Mobile computing is a revolution in technology that was a very, very long time coming. However, the idea behind pocket computing devices isn’t new, having been greatly explored (if surrealistically) by science fiction such as Star Trek, where mobile devices and tablets, called padds, are used as slim clients to communicate with a central cloud computing cluster. Well, Star Trek’s zany UI design lent us no real look at the way to handle mobile UI design, or really any computer interface design.
So, when pocket computing first became a thing, with PDAs, early fundamentals behind mobile UI design were laid out, with the exception of Windows portables.
This was a time when the realization of the need for complex GUI on limited screen real estate and resolution was finally present, but experimenting with it in various directions was less risky, as PDAs were expensive and a niche market.
Still, a lot of standards that carried over to the smart phone, when it replaced the PDA unceremoniously, were laid out in the early days. Of course, multi-touch screens has changed some of the interaction a bit, with multiple fingers to gesture, rather than simply tapping one point of the screen at a time. But, what should we bear in mind now, as mobile continues to get attention?

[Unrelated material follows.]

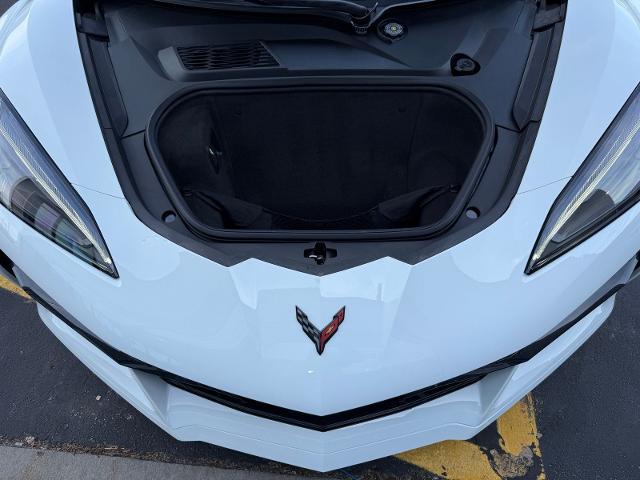 2024 Chevrolet Corvette Z06 RWD Convertible 3LZ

#1 – Design for Accelerometers!
What’s an accelerometer? Well, for those not familiar with this term (and that’s nothing to be ashamed of), it’s the component in most mobile devices and tablets, which detects its rotation (landscape versus portrait), and is used for tilting mechanics and the like by games and certain applications.
Now, designing for these isn’t complex, as applications merely run a simple system query to get the different rotations and speeds on three dimensional axes. So, design your systems to support full rotation.
Some devices grip differently than others, due to plugs and ports being on various sides. So, holding a device “upside down” might be comfortable on a unit, because it keeps cords out of the way. Design your interface and UI to shift for all these directions.
#2 – Reduce Long Taps
Long tap is the equivalent of right click on a mobile device, and is pretty universal across different designs and operating systems in this field. Avoid forcing it to be too heavily used, as it’s not a natural feeling gesture.
Include menu tie ins that allow for you to do things by button tapping rather than long clicks.
#3 – Mind Margins
Something that a lot of apps have problems with is margins being a bit off. Tapping things really tightly on any border of the screen makes it hard to press them on multi touch displays, because they’re less precise than magnetic or transistor touch surfaces.
ES File Explorer, for example, mismanages this with gusto, I’m afraid to say.
Mobile UI design has a lot of nuances, so I can’t really condense it into a simple set of points. Minding these would remove a lot of mistakes and annoyances that plague the mobile industry for now. However, things won’t get truly better until tactile keyboards become standard in all mobile devices.